**Input data**
◇ ◇ ◇ ◇ ◇
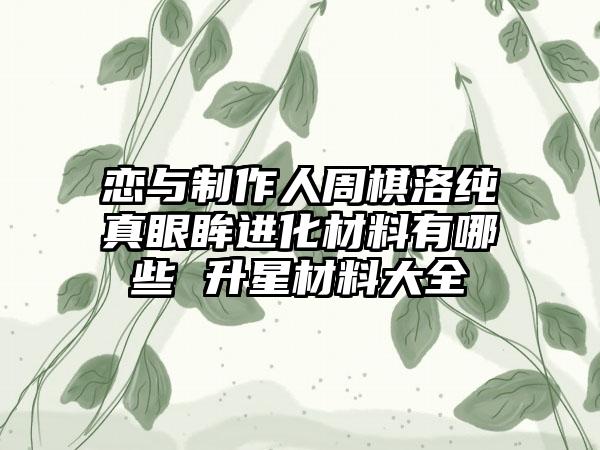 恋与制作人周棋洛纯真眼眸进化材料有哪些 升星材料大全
◇ ◇ ◇ ◇ ◇
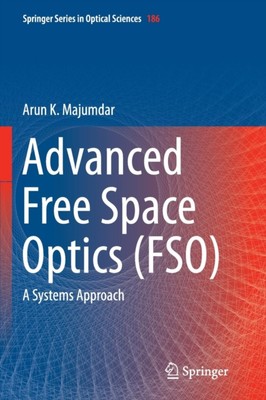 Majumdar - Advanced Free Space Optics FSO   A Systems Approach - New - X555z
◇ ◇ ◇ ◇ ◇
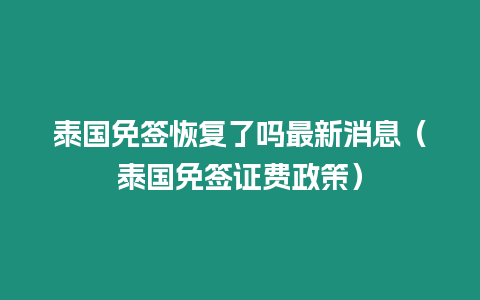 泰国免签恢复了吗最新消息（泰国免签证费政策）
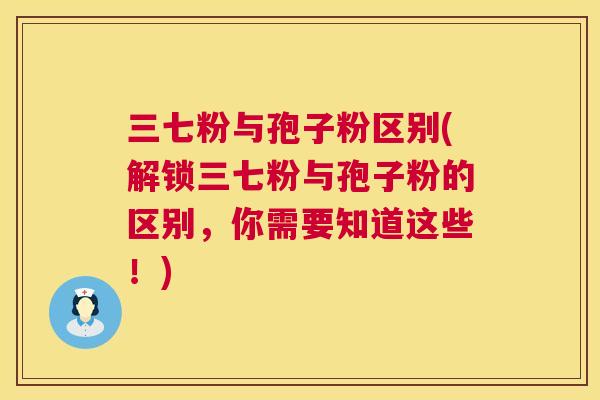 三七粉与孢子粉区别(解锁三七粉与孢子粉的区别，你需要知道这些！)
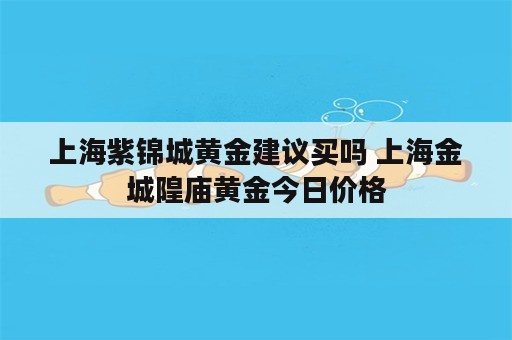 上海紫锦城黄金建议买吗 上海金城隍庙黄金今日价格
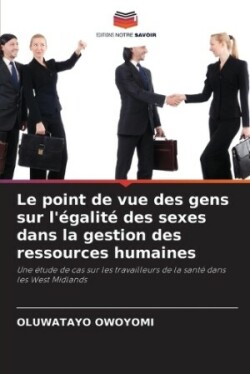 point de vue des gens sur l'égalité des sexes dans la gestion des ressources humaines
◇ ◇ ◇ ◇ ◇
**Task**
Reproduce the data above exactly, but only the lines from the one showing "上海紫锦城黄金建议买吗 上海金城隍庙黄金今日价格" through the one showing "point de vue", with both ends kept and the pictures left out.

**Exercise result**
 上海紫锦城黄金建议买吗 上海金城隍庙黄金今日价格
 point de vue des gens sur l'égalité des sexes dans la gestion des ressources humaines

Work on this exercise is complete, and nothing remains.